Há uns meros cinco anos, dificilmente pensaríamos que nos 50 anos de Abril a democracia em Portugal estaria manchada e ameaçada, com grupos e partidos que disseminam o populismo e o ódio. Poderíamos argumentar que é, em parte, uma consequência da nossa inércia, convictos de que ainda vivíamos num país de brandos costumes. Mas não escapamos incólumes às intempéries que abrem rachas na nossa sociedade.

Chegados a esta encruzilhada, é um exercício quase inútil tentar prever a próxima década, quanto mais os próximos 50 anos. Falam-nos de guerra e ameaças às liberdades e direitos, falam-nos de crise climática global, falam-nos de repressão e autoritarismo, de desigualdades profundas entre 1% e 99%.

Que futuro podem esperar as minhas cinco sobrinhas, que vivem divididas entre a cultura do Mediterrâneo e a cultura europeia? Será mais fácil viverem entre as suas várias identidades e poderão esperar um mundo menos duro, exigente e desigual para com as mulheres?
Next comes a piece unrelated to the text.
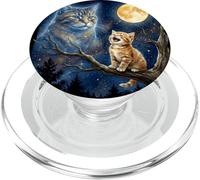 Ginger Kitten Howling at the Moon Night Sky Cat Art PopSockets PopGrip per MagSafe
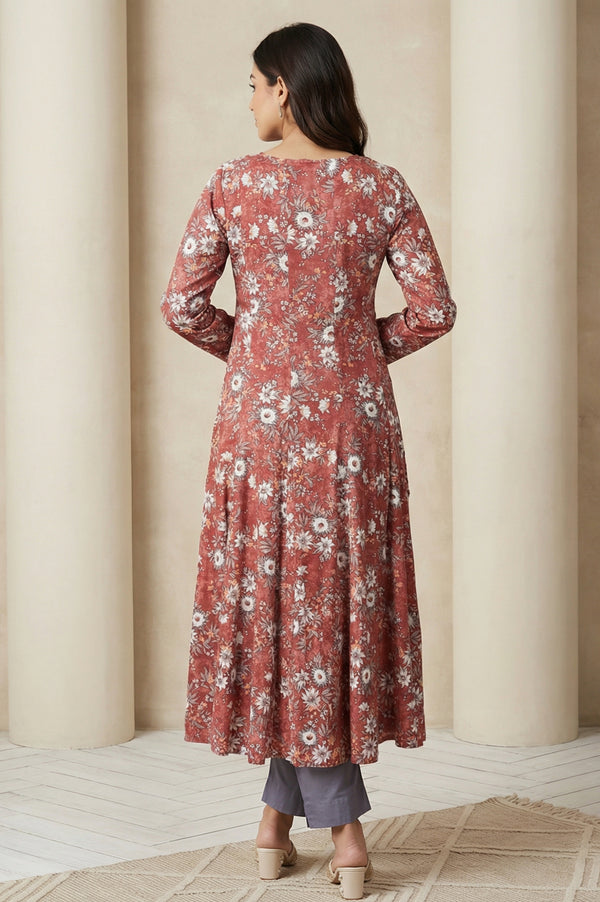 Rust Floral Printed Flared Kurta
Ou terão de lidar com retrocessos e o aumento da violência?

Nestas alturas, é natural pensarmos nas próximas gerações, mas também olho para trás e penso para onde foi o nosso tempo, escoado por entre as agruras de inúmeros conflitos e crises, que nos privaram de estabilidade e esperança.

Lembro-me da história que me contaram sobre a minha bisavó libanesa, que tinha umas belíssimas sandálias guardadas para calçar no Dia do Juízo Final. Morreu durante a guerra que era, de certo modo, o fim do mundo que conhecera. Afinal, o Dia do Juízo Final pode tomar muitas formas e rostos.

Passei parte da minha vida adulta dividida entre a política e a literatura. Na política, aprendemos a pensar em ações, soluções e medidas concretas para o futuro. Na literatura, somos viajantes no tempo que procura dar sentido à vida, acometidos por emoções universais como nostalgia, deslumbramento, amor, horror, apatia, medo ou alegria.

Talvez nos próximos 50 anos tenhamos de aprender a dar mais propósito e emoção à ação concreta. Aprender que sem compaixão pelo outro ou crença na nossa humanidade, não podemos cumprir a promessa de um mundo melhor.